Były trener Dynama Kijów, Mircea Lucescu, który tak czule i wielokrotnie wyrażał swoje zaniepokojenie wojną, którą Rosja prowadzi przeciwko Ukrainie od prawie dwóch lat, o niedostatku i smutku Ukraińców, dał jasno do zrozumienia, że nie wyklucza swojej pracy w kraju agresora.
"Teraz jestem w domu, w Bukareszcie. Chcę podziękować wszystkim, którzy mi pomogli. Niezwykle trudno jest grać w piłkę nożną bez fanów, wsparcia finansowego, sponsorów, reklam. Grać tylko z młodzieżą z akademii.... W każdym razie starałem się zachować futbol w moim życiu. To jest najważniejsze nawet w tak trudnej sytuacji.
Czy można mnie teraz zobaczyć w Rosji? Minęło niewiele czasu odkąd opuściłem klub, za miesiąc sytuacja z przyszłością będzie jaśniejsza.
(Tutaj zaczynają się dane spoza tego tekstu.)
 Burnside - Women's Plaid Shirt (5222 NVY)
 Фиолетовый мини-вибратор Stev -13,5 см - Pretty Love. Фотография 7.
Mogę powiedzieć, że szanuję wszystkie kraje.
Mam nadzieję, że wkrótce wszystko się skończy, Ukraina będzie grać z kibicami, a Rosja wróci do gry w Europie, ogólnie wszystko wróci do normy" - powiedział Lucescu w wywiadzie dla rosyjskiej publikacji Sport-Express.